Swing Out Sister began life as a UK trio in 1985. This consisted of keyboardist Andy Connell, drummer Martin Jackson and lead singer Corinne Drewery. While both Connell and Jackson had been in the bands A Certain Ratio and Magazine prior to this point, Drewery came from the world of glamour-being a fashion designer and model. This likely helped with their suave image. It was a member of another group called 52 Street, Diane Charlemagne. Connell’s association with her label Factory helped get the band signed. Charlemagne sang on Swing Out Sister’s original demos as well.
The bands debut album Its Better To Travel came out in the spring of 1987. Its jazzy,horn fueled and very catchy debut sing “Breakout” had become a major UK hit in the autumn and early winter of 1986. It happened exactly a year later in the US of course. It was actually only several years ago that I picked up the record on CD. Did so because,while vinyl copies were available to me, the CD contained four bonus tracks. Heard “Breakout” while growing up. And enjoyment of that groove helped me to appreciate another song on the album-their non charting debut single from 1985 called “Blue Mood”.
A theatrical,orchestral crescendo beings the song. Then the popping synth bass line pops in-along with the digital percussion that is soon joined by the electro funk styled drum machine. Bursts of rhythm guitar and MIDI horns leap in and out of the mix on the refrains. For the chorus, the chord changes key to a jazzy,keyboard based melody-coming after a leaner B section of the refrain. There is a bridge of sorts that showcases a frenetic rhythm guitar playing on where the vocal line. An extended chorus closes out the song until it all fades out.
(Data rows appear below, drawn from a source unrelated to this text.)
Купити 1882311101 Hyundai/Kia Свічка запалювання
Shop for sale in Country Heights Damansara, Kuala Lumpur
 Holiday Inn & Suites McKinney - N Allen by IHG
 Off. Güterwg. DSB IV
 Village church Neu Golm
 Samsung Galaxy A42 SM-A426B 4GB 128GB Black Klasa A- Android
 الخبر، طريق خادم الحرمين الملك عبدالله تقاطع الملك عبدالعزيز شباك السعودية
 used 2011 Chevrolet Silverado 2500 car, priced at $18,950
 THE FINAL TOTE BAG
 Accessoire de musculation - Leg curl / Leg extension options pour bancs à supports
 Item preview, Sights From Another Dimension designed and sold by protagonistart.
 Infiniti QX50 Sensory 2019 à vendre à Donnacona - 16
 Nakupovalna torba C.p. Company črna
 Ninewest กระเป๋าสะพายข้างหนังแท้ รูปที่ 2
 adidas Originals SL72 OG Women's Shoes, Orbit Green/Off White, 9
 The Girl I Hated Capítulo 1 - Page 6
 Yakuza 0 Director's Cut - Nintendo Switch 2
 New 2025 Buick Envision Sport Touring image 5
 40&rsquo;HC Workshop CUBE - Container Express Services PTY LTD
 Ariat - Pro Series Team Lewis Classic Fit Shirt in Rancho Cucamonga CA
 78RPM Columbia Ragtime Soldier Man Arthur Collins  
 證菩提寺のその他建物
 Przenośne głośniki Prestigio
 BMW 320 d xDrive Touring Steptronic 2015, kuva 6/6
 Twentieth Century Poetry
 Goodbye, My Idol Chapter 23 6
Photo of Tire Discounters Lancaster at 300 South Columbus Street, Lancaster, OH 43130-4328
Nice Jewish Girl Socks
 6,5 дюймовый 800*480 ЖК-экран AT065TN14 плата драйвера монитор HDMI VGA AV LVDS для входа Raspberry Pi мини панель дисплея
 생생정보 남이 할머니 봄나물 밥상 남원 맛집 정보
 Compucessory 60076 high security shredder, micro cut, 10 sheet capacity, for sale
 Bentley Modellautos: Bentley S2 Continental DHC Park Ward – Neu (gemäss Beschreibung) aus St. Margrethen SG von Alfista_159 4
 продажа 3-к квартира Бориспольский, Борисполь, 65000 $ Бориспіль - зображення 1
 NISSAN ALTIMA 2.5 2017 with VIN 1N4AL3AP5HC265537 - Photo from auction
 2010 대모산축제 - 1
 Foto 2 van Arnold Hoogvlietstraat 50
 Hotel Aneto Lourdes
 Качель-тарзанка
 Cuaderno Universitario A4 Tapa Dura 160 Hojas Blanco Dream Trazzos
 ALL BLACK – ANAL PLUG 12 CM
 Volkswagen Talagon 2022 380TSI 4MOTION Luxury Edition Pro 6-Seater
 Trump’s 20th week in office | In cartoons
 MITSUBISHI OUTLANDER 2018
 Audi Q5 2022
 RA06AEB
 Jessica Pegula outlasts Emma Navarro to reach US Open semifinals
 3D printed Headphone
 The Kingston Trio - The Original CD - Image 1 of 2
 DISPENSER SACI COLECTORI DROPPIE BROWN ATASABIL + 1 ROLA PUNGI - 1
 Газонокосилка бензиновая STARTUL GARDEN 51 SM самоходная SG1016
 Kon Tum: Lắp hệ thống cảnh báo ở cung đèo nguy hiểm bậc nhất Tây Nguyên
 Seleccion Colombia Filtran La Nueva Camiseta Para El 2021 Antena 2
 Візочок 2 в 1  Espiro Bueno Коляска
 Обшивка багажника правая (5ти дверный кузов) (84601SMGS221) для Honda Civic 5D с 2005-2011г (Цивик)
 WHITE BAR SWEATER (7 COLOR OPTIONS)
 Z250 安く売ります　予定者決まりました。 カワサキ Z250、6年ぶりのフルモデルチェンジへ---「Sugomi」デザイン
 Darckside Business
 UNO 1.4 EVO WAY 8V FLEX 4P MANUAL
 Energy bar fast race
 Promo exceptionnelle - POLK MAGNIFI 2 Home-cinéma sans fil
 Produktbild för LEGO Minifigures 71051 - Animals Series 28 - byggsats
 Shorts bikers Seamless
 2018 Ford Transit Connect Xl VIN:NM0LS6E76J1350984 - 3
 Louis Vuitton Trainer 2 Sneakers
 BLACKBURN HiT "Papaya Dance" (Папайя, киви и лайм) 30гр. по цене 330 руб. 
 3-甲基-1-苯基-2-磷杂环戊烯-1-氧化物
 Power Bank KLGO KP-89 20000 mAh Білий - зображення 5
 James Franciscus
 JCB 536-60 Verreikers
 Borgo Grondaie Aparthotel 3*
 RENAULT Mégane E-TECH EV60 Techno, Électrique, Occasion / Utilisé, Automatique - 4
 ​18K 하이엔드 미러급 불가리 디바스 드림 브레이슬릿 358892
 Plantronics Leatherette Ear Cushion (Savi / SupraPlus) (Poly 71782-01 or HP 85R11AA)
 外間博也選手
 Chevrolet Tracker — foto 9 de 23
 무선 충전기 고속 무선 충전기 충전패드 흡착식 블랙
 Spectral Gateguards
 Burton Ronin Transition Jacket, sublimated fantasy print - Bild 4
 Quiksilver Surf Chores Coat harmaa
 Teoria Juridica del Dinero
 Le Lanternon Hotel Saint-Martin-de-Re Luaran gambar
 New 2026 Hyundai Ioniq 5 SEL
“Blue Mood” combines a number of musical threads of the mid/late 80’s. The base of it comes out of the post disco, techno based club music. Rhythmically however, the song is structured more like an Afro-Latin jazz funk number. Tons big,bouncy percussion and freestyle drums. Accordingly, the melody is strongly based in jazz as well. It goes right in with the jazzier end of the post disco UK club scene-not dissimilar to the work of Basia/Matt Bianco in that regard. Its the emphasis on groove,from both the groove and the singer, that make this song do distinctive for Swing Out Sister.